Tuesday, August 24, 2010

The Human Stock Market

With the signing last week of Luis Heredia by the Pirates, I thought it might be time to share my views on baseball players, in general, and prospects, specifically.

There may have been a time in days gone by, when the game was a more romantic one, that baseball players were felt to be part of a community. The first baseman was a guy you could have a beer with. And in many cases, you probably could see that first baseman at the local bar after the game.

Nowadays when a player does something for the community, 9 times out of 10 it feels like a cynical ploy to garner goodwill on the team's part (or the player has done something wrong with the law and is doing it as part of his community service obligation). The game has become a jaded business enterprise. Most of the joy of the game has been eroded away at the major league level by scandal and bad behavior. A person's favorite player rarely stays with one team anymore and in the case of a small-market team, like the Pirates, the favorite player may only be there for 4 or 5 years before he gets too expensive.

As a result, players have been reduced to pawns on a chess board played by business moguls. In today's game, the new wave of GM's have realized that young players are a valuable commodity. For the first 3 full years of a player's career, the team is only obligated to pay them the minimum salary which ranges from roughly $400,000 to $450,000 during those 3 years. The 3 years after that, the player can go through the arbitration process in which he can be paid 40%, 60%, and 80% of his true market value (as determined by an arbitrator if it gets that far). Only after 6 full years does that player achieve true free agency.

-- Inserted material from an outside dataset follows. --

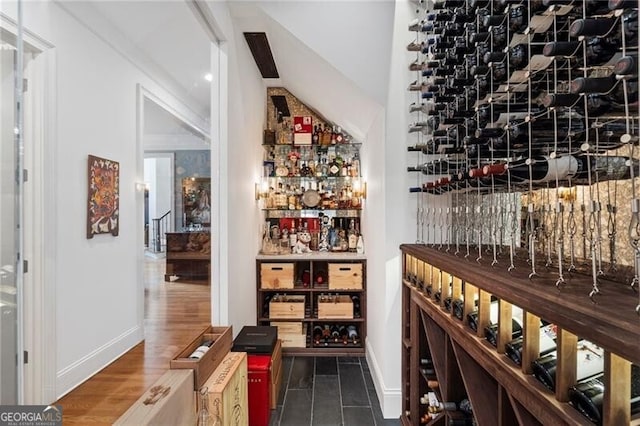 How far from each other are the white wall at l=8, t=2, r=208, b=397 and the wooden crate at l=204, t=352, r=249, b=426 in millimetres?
736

This new wave of GM's has made these young major league players and the prospects that percolate through the minors into the equivalent of stocks in the stock market. A player garnered on the international market, like Heredia or Exicardo Cayonez, can be thought of like an Initial Public Offering. IPO's are usually reserved for the sexy stocks in the business world or technology sector. With the international players, there's a buzz around these players before July 2 (the IPO's announcement date in the stock market analogy) and no one really knows for sure how much the international player will sign for at the end.

A player garnered through the regular draft in June (players from the United States, Canada, and Puerto Rico) is more like a regularly traded stock. The first round players, even with the high signing bonuses and sometime-major league contracts, are paid well below their true market value they could garner as free agents. Think of these players within the first 10 rounds as companies that most people on the street have heard of and would be able to purchase. Jameson Taillon would be like a mid-size bank, not a BNY Mellon or Wells Fargo, but maybe a PNC...a solid investment as a stock but affordable for anyone to buy the stock as part of their portfolio.

Players after the 10th round, who for the most part sign for $20,000 or less, are like penny stocks. Everyone gets a "hot tip" from time to time from a friend, or a friend of a friend, about a stock that is guaranteed to take off in the very near future. This could be, hypothetically, an oil exploration company that has a sizeable option on a huge tract of land in an unstable African country. You think, "What the heck. If it hits, I'm swimming in cash for just a small investment." Then you wake up one day and read that the President of this banana republic has died and the country has been taken over by the military junta. And then the bottom of the oil industry falls out. Hypothetically of course. Needless to say, that penny stock didn't develop as you hoped, but you really didn't invest much. That's like a 35th round pick signed for $5000.

And just like the real stock market, there are the true blue chips stocks. The Apples, the Googles, the Berkshire Hathaways. These stocks are usually very expensive and it seems like you always buy them high. There aren't sales on these types of stocks. You're buying them knowing their past performance and can safely project their future. You buy them to buffer your portfolio, not necessarily get rich off them. These stocks are equivalent to the first tier of free agents each year. This year, Cliff Lee is like Google. When Alex Rodriguez was a free agent the first time, he was like Apple....Apple was already pricy, but you knew it/he was still going up in performance.

Essentially this human stock market serves to de-humanize these players. You sometimes just think of them as assets and forget they are real people. I sometimes catch myself thinking in a very mechanical fashion about these players, trying not to get too attached to them. Because you never know when a company will buy out your company or when your company will go bankrupt.